| WHAT TO DO |
Output the line containing "Chanel 25C新款坡跟拖鞋 顶级版本", then every remaining line of the entries below, exactly as written and with no other text.
--- AVAILABLE DATA Enclosed Below ---
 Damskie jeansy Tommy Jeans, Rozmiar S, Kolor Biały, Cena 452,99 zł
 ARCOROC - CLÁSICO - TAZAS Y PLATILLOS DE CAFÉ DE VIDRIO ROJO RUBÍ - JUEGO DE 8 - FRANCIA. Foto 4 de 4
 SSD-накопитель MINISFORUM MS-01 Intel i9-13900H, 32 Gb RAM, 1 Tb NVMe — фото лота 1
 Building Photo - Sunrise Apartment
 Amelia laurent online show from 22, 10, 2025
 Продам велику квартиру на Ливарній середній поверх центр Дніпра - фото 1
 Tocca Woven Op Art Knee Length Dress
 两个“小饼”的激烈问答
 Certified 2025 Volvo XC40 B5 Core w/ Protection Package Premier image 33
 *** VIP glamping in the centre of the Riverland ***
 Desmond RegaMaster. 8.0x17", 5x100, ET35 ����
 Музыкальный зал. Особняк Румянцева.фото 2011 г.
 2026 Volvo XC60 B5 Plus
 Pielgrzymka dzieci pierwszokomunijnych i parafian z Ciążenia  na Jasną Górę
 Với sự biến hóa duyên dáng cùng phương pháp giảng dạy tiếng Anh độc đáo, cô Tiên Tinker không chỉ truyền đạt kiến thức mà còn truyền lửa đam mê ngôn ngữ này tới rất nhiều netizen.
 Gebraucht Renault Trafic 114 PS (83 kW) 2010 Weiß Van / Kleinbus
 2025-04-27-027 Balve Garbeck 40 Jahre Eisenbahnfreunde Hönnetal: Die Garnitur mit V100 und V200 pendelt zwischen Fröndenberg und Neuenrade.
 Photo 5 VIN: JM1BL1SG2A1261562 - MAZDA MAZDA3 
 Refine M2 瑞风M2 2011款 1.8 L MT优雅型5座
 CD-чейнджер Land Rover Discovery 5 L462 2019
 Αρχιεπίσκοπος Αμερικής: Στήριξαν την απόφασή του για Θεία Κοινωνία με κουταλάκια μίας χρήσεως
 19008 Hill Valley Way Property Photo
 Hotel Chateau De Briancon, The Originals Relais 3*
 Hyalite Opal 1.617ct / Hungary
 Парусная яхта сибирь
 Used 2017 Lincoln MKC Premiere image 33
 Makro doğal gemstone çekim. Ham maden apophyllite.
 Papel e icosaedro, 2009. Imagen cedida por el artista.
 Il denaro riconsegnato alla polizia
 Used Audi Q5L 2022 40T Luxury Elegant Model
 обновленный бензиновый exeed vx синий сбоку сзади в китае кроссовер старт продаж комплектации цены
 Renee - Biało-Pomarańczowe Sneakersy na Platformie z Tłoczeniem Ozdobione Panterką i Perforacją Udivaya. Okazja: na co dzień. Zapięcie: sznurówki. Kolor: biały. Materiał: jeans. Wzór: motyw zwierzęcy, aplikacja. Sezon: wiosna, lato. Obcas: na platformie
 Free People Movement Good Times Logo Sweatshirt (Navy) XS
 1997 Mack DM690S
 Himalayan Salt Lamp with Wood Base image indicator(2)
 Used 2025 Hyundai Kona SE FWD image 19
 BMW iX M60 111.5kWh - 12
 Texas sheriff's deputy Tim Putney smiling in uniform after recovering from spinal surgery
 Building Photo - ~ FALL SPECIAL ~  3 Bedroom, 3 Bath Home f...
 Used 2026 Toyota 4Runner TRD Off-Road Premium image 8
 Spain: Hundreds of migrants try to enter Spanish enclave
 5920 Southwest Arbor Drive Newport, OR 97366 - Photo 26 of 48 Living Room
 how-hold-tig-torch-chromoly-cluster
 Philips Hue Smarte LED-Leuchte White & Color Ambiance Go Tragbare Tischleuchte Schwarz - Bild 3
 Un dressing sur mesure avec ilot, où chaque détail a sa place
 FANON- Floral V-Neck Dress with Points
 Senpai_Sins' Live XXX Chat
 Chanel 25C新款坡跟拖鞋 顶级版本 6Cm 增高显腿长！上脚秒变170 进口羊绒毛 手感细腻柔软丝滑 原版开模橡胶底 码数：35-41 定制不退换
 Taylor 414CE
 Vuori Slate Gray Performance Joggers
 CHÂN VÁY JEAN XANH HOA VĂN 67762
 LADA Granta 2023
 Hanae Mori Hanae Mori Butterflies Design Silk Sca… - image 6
--- End of Enclosed AVAILABLE DATA ---
| SOLUTION FOR THIS PROBLEM |
 Chanel 25C新款坡跟拖鞋 顶级版本 6Cm 增高显腿长！上脚秒变170 进口羊绒毛 手感细腻柔软丝滑 原版开模橡胶底 码数：35-41 定制不退换
 Taylor 414CE
 Vuori Slate Gray Performance Joggers
 CHÂN VÁY JEAN XANH HOA VĂN 67762
 LADA Granta 2023
 Hanae Mori Hanae Mori Butterflies Design Silk Sca… - image 6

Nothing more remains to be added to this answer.